Además es capaz de inhibir el desarrollo de muchos de los hongos que atacan las raíces. Al no ser un material compostado se tiene la seguridad de tener un control total sobre la nutrición de tus plantas. Y lo no menos importante, es que es relativamente económico y posee varios ciclos de vida útil, es decir que se puede usar en varios cultivos sin ningún tipo de problema.

¿CÓMO SE PREPARAN LOS SLABS DE FIBRA DE COCO?

Como decíamos, los slabs de coco vienen listos para su uso, pero previamente debemos prepararlo. Si no los trae, lo primero es hacer los orificios de siembra. Lo más común es encontrar slabs de 1m de longitud y 12 litros. En cada slab puedes poner 4-5 plantas, así que con un metro calcula a qué distancia debe ir cada orificio. Simplemente corta un cuadrado con una cuchilla a modo de orificio.
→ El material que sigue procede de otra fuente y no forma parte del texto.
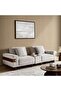 Zentro 4 Seater Sofa - Beige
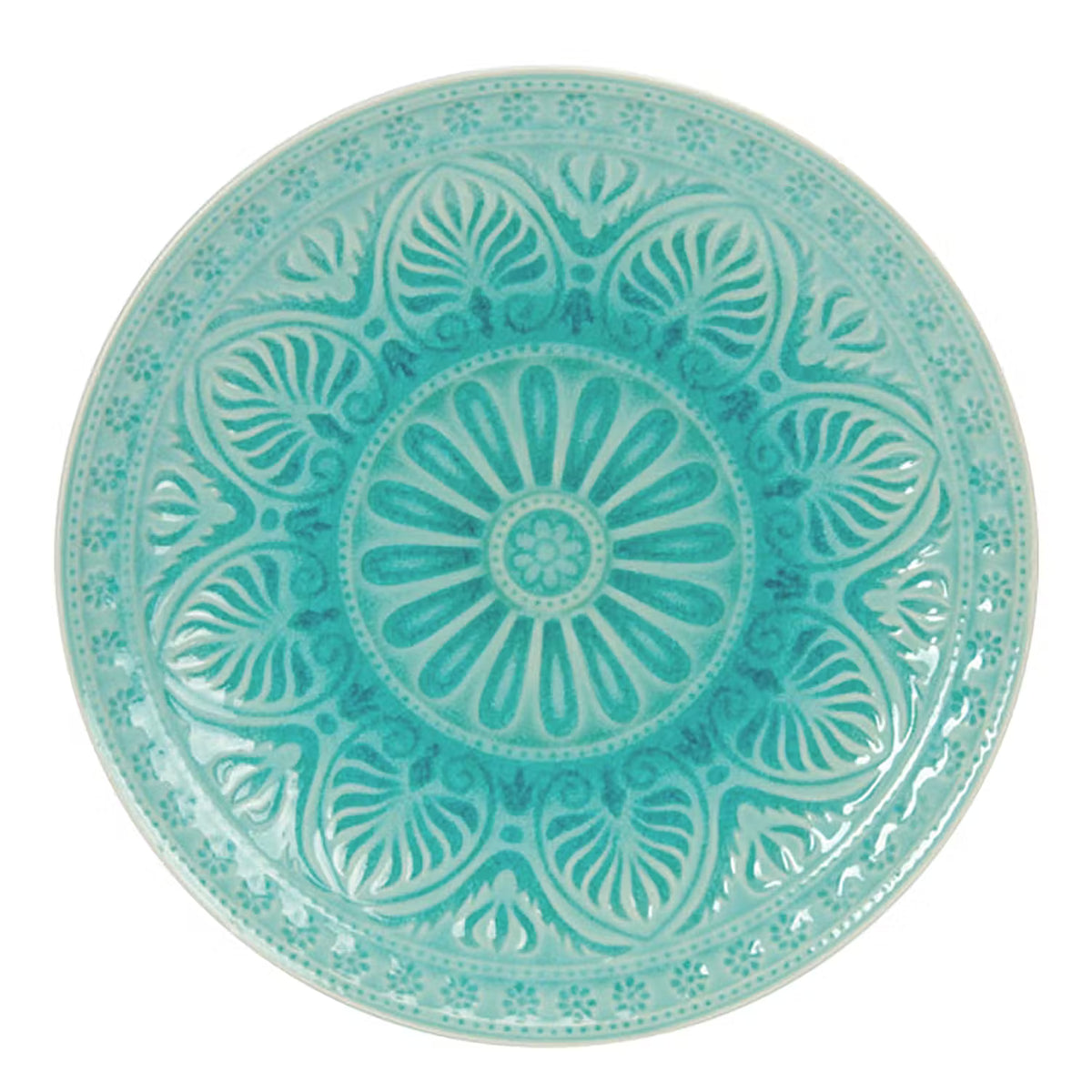 SUMATRA Teller 6er-Set - Steinzeug - Türkis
El siguiente paso es el de hidratar los slabs. De modo orientativo, cada slab de 1m de longitud requiere de unos 15 litros de agua para su perfecta hidratación. Así que poco a poco, ve añadiendo agua por los orificios de siembra. La fibra no tardará mucho en absorber el agua y comenzará a expandirse. Es interesante esperar uno o dos días a que las partículas más pequeñas se hidraten y expandan.

Para terminar, tan sólo debemos hacer unos pequeños cortes a modo de T invertida en los laterales del slab y próximos al suelo, que servirán de drenaje. Con dos o tres en cada lateral es suficiente. También conviene enjuagar el slab para eliminar cualquier posible impureza. Tan sólo añade abundante agua alternando en cada uno de los orificios hasta que veas que el agua expulsada sale transparente.

¿CÓMO SE CULTIVA EN SLABS?

Cultivar en slabs no es mucho más complicado que cultivar en pequeñas macetas. Para evitar fugas de agua, es apropiado es uso de bandejas de drenaje, además de proporcionar una altura de trabajo cómoda. También son más útiles para el cultivo de esquejes que de semillas, ya que una semilla colonizará mucho más sustrato que un esqueje y puede llegar a competir con las otras plantas que comparten un mismo slab. Por ejemplo, se pueden hacer impresionantes cultivo en SOG usando 5-6 esquejes en cada slab, y 4-5 slabs por cada m2 de cultivo.

Como en todo cultivo hidropónico, el control del pH es imprescindible. Dispone de algo más de margen de error que otros hidropónicos, pero aún así, cualquier desajuste del pH afectará inmediatamente a la asimilación de nutrientes. Los abonados, se han de realizar en cada riego sin excepción hasta el lavado de raíces previo a la cosecha. Una gran ventaja de los hidropónicos, es que una sobrefertilización se observa muy rápido y es fácilmente subsanable con simplemente hacer un buen lavado de raíces y un ligero abonado posterior.

La fibra de coco retiene gran cantidad de agua y de sales. Los riegos siempre han de ser abundantes, hasta que veamos salir agua por los cortes del drenaje. Ésto ayudará a arrastrar y eliminar el exceso de sales que a la larga será contraproducente. Todo lo demás, es prácticamente igual a un cultivo tradicional en tierra y macetas.

Una vez cosechadas las plantas y puesto que el sustrato estará inerte tras el lavado de raíces, se podría volver a cultivar en ellos. Sería apropiado en este caso el uso de enzimas que ayuden a descomponer las raíces muertas de las plantas cosechadas. Otra opción es la de cortar el plástico del slab y aprovachar la fibra de coco para un cultivo en maceta, extrayendo a mano las raíces más grandes.